John Bolton channels his inner Karl Marx:

The spectre of isolationism is stalking the Republican Party. It is still far from dominant, but we would be ignoring reality to underestimate the risks evident in today’s turbulent political milieu. Ironically, Republican isolationism is in many respects attributable to Barack Obama. His palpable lack of concern for foreign and defence policy issues, and the public’s false sense of security thereby generated, combined with his massive federal expenditures and consequent budget deficits that threaten the vitality of America’s economic system, have created an unexpected and deeply troubling reaction among Republicans, heretofore America’s national-security stalwarts.
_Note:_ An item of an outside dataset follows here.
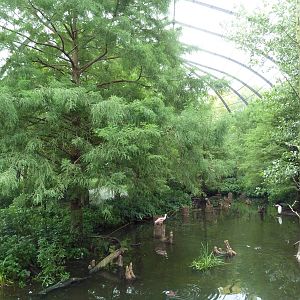 Cypress Swamp (1904 World's Fair Aviary)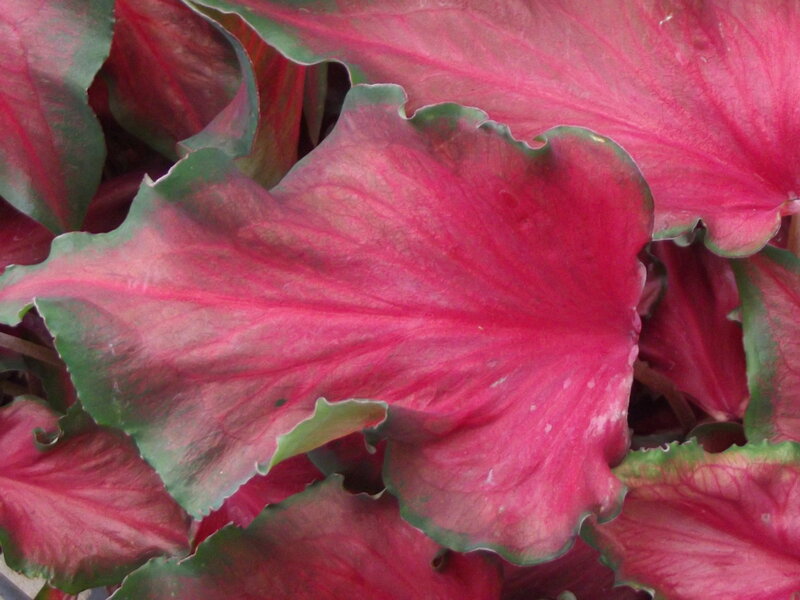 Caladium Leaf — Red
We all know not to take Bolton seriously, but his article is a useful guide to the obsessions of Republican hard-liners. The first of these is the constant feigned terror of renewed “isolationism.” The “isolationists” never seem to materialize, but they make good foils for warmongers. Of course, there is no real “isolationism” present in the modern GOP, and other than a perfunctory mention of Rand Paul it seems that Bolton isn’t willing to identify the people in his party that he disparages at such length. There are Republican skeptics of new foreign wars, and there are some principled non-interventionists that object to the U.S. acting as global policeman and subsidizing the defense of wealthy allies, but no one in the Republican Party today promotes an agenda of international “isolation.” To the extent that Republicans are more skeptical of foreign wars and less inclined to endorse a hyperactive foreign policy than they have been, this is mostly a reaction to the Bush administration’s overreaching. The continuity between Bush and Obama on some issues has made it somewhat easier for critics of hyperactive and aggressive foreign policy to be critical while directing their attacks at the current administration, but the phenomenon Bolton is describing so poorly would be much less significant if it had not been for the excesses of the Bush years. There should have been nothing unexpected about this. It is normal and sane for people of all political stripes to recoil from the waste and horrors of unnecessary and prolonged warfare. What has been disappointing is the extent to which so many on the right remain wedded to an unsustainable, costly foreign policy and a reckless impulse to resort to using force as the solution to foreign crises and conflicts.